Data scraping
Scraping Dutch registries: a field guide to KvK, RDW, Kadaster
Three Dutch registries hold most of the public business data your team will ever need. The trick is knowing which to scrape, which to pay for, and which will burn your IP.

You have eight thousand KvK numbers in a spreadsheet. The sales lead wants directors, founding dates, and SBI codes by Friday. You open a browser, point a Puppeteer script at kvk.nl, set the concurrency to fifty, and at 14:32 the requests start coming back with a Cloudflare interstitial. By 14:40 the office wifi is blocked too. Welcome to scraping Dutch public registries the wrong way.
Most of the data in the Dutch public registries is, in fact, public. The trap is that public does not mean freely scrapable. Three registries hold almost everything an enrichment pipeline will ever ask for: the Kamer van Koophandel for companies, the Kadaster for real estate and land, and the RDW for vehicles. Each one has a different posture on access, and the posture is the whole story.
The free tier, registry by registry
Three quick orientations, in order of generosity.
RDW. The vehicle authority runs an open-data portal at opendata.rdw.nl on Socrata. No authentication required. The full vehicle register, minus personally identifying fields, sits behind JSON, CSV, and SoQL endpoints. Anonymous limits are around a thousand requests per rolling hour; with a free app token you move into the millions. License-plate to make, model, year, and APK history is a single GET away. If every Dutch dataset looked like this, none of this article would be necessary.

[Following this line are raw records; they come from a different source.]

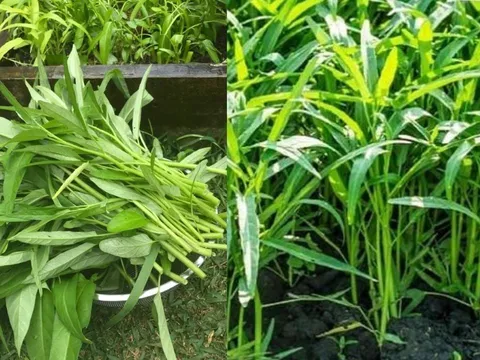 Rau muống ngon phổ biến nhưng ăn theo 3 kiểu này thì gây hại khó lường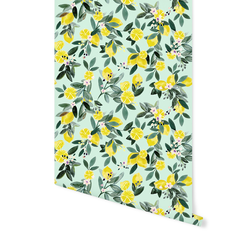 Lemon Grove in Mint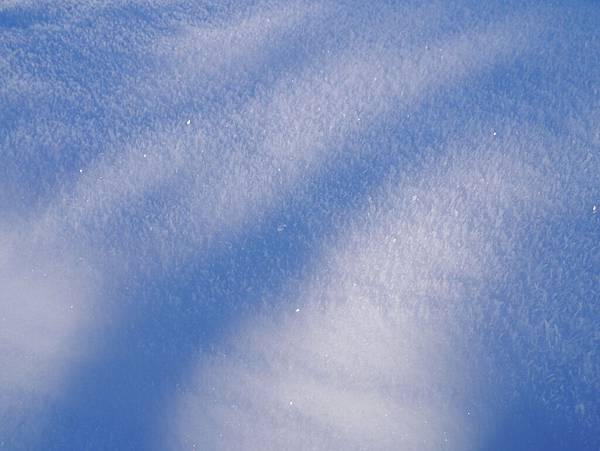 雪,真的是亮晶晶耶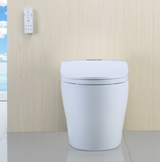 Washloo Premier All-In-One Smart Toilet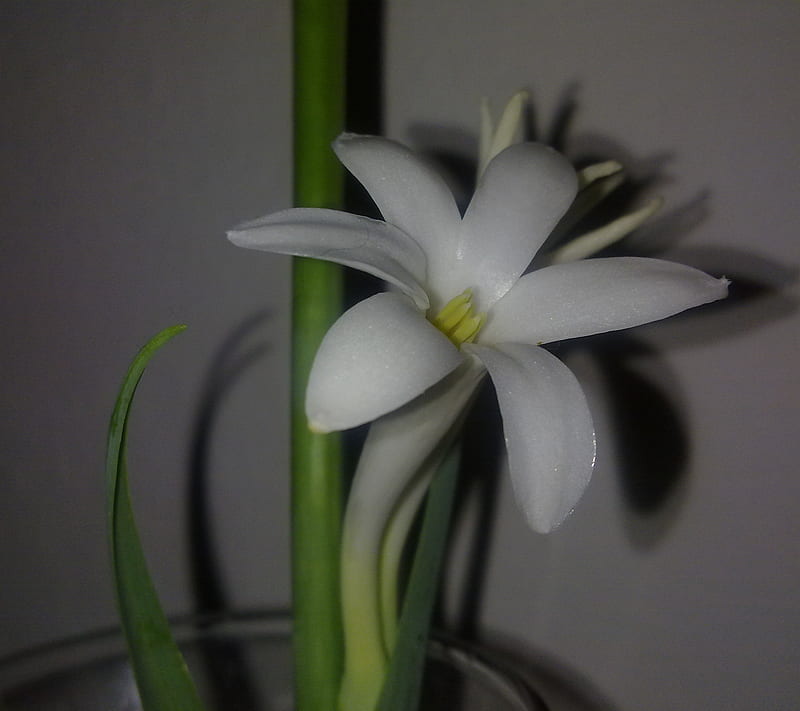 Flor de nardo, naturaleza, florero, Fondo de pantalla HD | Peakpx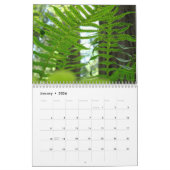 CALENDAR FERNS Calendar Redwood Forest Ferns Kalender (Jan 2026)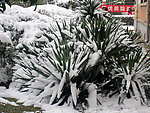 下雪天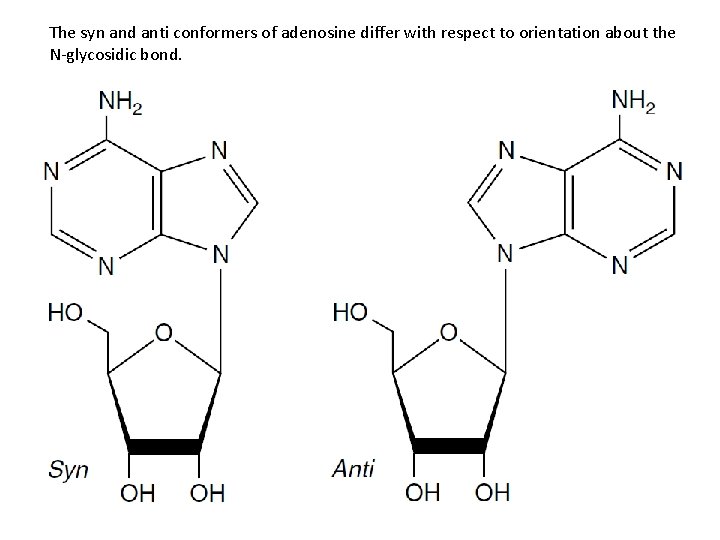 The syn and anti conformers of adenosine differ with respect to orientation about the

Kadaster. The land registry splits its world in two. The free half lives on PDOK (Publieke Dienstverlening Op de Kaart): BAG addresses and buildings, BRT and BGT topography, AHN elevation, several other base registers, all served as WFS, WMS, and Atom feeds under explicit reuse licences. The paid half is the cadastral record itself: who owns parcel X, how it is mortgaged, what changed hands and for how much. That sits behind Mijn Kadaster and is billed per query. Scraping the second half is not a technical question. It is the wrong question.
KvK. The Chamber of Commerce is the awkward one. There is a developer portal at developers.kvk.nl with a Search API and a Profile API. The test tier returns dummy data. The live tier bills per call. Bulk extracts via the Handelsregister Dataservice are a separate contract. The public website at kvk.nl sits behind Cloudflare and starts serving interstitials after a handful of requests from the same origin. If you want clean records at scale, the API is the only road. The scraper is a way to get yourself banned and your client a complaint.
The legal floor most playbooks skip
Three texts belong on the desk before any registry work begins.
The first is the Algemene Verordening Gegevensbescherming, the Dutch implementation of GDPR. Records of sole proprietors and named directors are personal data. B2B enrichment can usually rest on legitimate interest, but the legitimate interest assessment has to be written down before you start, not improvised after a complaint lands. The Autoriteit Persoonsgegevens has fined organisations for exactly this pattern, and a one-page LIA noting purpose, necessity, balance, and safeguards is the cheapest insurance you will ever buy.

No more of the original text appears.